_Problem to work on_: Tally the lines in these records that hold the string "Full", and reply with the number alone.

##### Material supplied #####

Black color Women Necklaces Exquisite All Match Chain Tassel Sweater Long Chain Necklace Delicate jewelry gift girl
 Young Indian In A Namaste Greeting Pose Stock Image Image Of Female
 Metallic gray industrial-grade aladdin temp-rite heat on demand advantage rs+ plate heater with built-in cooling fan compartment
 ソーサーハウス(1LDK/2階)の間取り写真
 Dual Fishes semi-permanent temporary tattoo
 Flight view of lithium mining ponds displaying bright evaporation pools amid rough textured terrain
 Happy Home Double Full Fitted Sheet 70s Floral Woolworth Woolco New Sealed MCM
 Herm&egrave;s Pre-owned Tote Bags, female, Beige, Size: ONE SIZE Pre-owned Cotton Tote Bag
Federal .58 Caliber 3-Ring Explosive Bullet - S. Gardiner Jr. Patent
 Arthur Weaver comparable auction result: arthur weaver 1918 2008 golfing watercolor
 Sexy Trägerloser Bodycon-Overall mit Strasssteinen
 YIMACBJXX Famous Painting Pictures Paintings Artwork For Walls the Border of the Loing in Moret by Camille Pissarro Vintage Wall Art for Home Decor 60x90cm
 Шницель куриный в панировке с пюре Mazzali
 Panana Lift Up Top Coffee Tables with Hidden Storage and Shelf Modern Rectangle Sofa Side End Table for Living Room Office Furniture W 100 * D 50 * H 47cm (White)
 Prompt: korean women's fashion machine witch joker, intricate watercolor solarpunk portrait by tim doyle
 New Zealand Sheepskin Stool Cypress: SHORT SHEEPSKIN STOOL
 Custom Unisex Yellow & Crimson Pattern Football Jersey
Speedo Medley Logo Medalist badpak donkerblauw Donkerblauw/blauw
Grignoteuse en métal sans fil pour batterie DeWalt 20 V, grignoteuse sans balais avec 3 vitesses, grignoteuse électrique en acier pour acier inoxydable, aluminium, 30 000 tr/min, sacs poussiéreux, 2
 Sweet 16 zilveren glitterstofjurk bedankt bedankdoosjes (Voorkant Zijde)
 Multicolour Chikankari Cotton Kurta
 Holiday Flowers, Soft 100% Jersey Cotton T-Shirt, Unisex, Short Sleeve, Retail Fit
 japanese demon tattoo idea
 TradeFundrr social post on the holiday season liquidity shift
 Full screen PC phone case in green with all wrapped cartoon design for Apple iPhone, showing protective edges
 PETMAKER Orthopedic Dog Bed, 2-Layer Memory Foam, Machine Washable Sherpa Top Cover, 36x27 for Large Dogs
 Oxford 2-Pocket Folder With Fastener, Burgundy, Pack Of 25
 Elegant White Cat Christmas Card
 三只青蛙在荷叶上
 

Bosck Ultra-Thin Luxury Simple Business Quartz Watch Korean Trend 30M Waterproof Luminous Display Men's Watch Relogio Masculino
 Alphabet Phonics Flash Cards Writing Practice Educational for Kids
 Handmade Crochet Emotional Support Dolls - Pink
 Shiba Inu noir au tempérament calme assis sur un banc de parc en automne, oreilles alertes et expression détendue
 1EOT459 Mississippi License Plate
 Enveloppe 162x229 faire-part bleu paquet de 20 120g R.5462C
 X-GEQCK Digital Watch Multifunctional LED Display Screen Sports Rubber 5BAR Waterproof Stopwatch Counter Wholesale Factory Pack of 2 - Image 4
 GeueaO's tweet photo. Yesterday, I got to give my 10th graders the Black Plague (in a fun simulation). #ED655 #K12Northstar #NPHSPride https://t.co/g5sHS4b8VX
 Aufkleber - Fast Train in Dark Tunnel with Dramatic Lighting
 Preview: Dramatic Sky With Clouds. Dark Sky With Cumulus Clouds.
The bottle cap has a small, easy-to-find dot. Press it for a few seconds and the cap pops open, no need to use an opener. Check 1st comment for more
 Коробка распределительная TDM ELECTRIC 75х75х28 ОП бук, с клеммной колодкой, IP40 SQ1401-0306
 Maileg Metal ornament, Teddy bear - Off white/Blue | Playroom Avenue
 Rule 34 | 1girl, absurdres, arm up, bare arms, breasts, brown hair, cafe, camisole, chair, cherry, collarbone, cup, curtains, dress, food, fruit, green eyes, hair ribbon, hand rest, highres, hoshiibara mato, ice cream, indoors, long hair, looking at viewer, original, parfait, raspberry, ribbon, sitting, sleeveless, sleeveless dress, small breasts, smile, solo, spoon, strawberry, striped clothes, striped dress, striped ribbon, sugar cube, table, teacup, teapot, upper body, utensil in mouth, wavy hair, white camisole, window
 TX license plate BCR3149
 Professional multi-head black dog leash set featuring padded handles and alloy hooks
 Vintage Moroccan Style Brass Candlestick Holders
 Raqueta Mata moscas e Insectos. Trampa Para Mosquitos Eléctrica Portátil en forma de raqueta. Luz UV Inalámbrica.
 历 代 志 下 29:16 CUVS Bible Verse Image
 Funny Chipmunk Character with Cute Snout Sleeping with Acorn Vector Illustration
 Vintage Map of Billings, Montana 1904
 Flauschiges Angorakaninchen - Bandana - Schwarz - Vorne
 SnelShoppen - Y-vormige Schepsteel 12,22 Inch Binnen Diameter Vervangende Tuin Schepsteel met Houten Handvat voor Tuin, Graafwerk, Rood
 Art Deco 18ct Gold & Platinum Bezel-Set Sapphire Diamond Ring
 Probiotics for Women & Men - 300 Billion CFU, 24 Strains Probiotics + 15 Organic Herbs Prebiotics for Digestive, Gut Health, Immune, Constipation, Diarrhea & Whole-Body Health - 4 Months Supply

#####

_Response box_: 2